Homestead was basking in the promise of One Homestead, a major development by a.m. Rodriguez Associates, when fire struck — twice.
The first on Jan. 23 was a six-alarm fire that started at 239 East Eighth Ave. in the borough’s struggling historic business district. The fire quickly jumped to adjoining properties as firefighters from more than 20 fire companies battled a blaze that caused $2 million in damage, gutted four buildings and damaged one more. Nine residents were displaced and three businesses destroyed.
The second fire happened just blocks from the first, in an apartment building at 546-548 Dickson St. The attached twin structures housed nine families and damage was estimated then at $500,000.
In a recent interview, borough manager Ian McMeans said the Eighth Avenue properties have drawn developers’ interest.
“All of the owners are local and insured. Permits have been secured and the structures on Eighth Avenue are being demoed and debris hauled away,” he said. “At least four developers have called and two have submitted proposals to the owners.”
He stated that any deal is contingent upon the demolition and fire escrow as the plots must be cleared and secured. “It is a lot easier for property to change hands after the demolition occurs.”
The property on Dickson Street has a secured demolition and work permit, Mr. McMeans said. Edward Roberts, the building’s owner, said at the time that the building would be torn down as it was not feasible to repair.
Mr. McMeans is hopeful about these and other changes taking place in Homestead.
“We have a great location. We are on the city side of the Squirrel Hill tunnels with very affordable housing. In the early 1900s, when the mills were booming, they built this housing stock to last. It’s close to a walkable business district right on the Great Allegheny Passage Bike Trail and a number of regional and recreational assets.”

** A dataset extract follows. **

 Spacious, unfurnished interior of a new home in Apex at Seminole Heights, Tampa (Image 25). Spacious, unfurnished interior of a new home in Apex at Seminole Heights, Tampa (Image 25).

The bike trail is a great draw for many people. Homestead has bike racks and a bike corral provided by Sustainable Pittsburgh.

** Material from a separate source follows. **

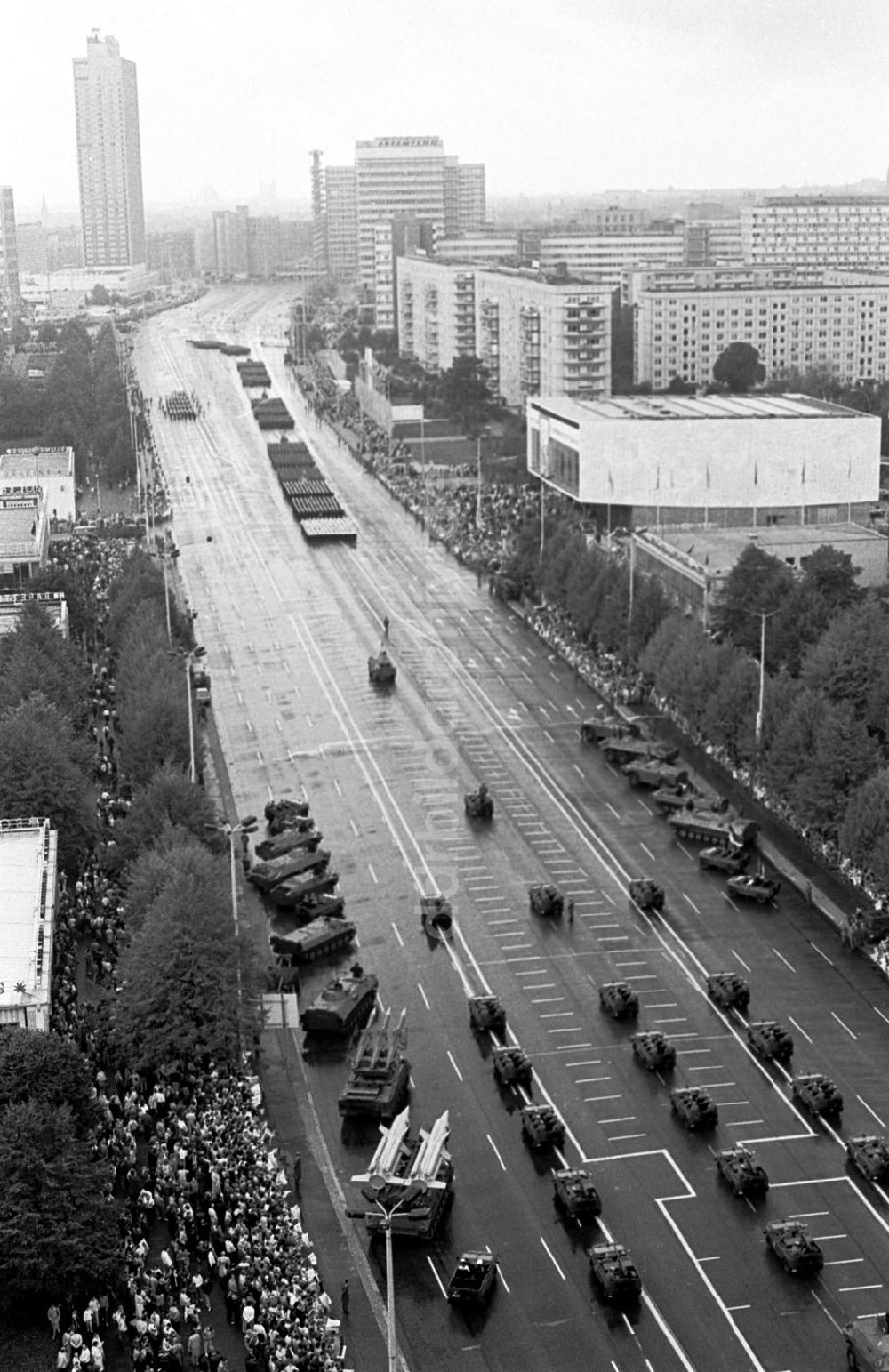 DDR-Fotoarchiv: Berlin-Friedrichshain - Parade zum 40. Jahrestag der DDR vom Haus des Kindes 07.10.89 Foto: ND/ Grahn Umschlagnummer: 1192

He also points to the Waterfront, which offers large retailers, specialty stores and entertainment, also within walking or biking distance.
“Studies show that the millennial generation wants more urban, walkable communities with an inner ring. Homestead has that,” Mr. McMeans said. “They also want major public transportation and the community is 15 minutes to Oakland.”
Apparently, this little secret is not so well-kept, because folks are moving in.
“There has been a lot of interest on Eighth Avenue. A couple of the business have rehabbed the apartments above the retail. They are fetching $1,200 a month for rent, with a waiting list,” he said.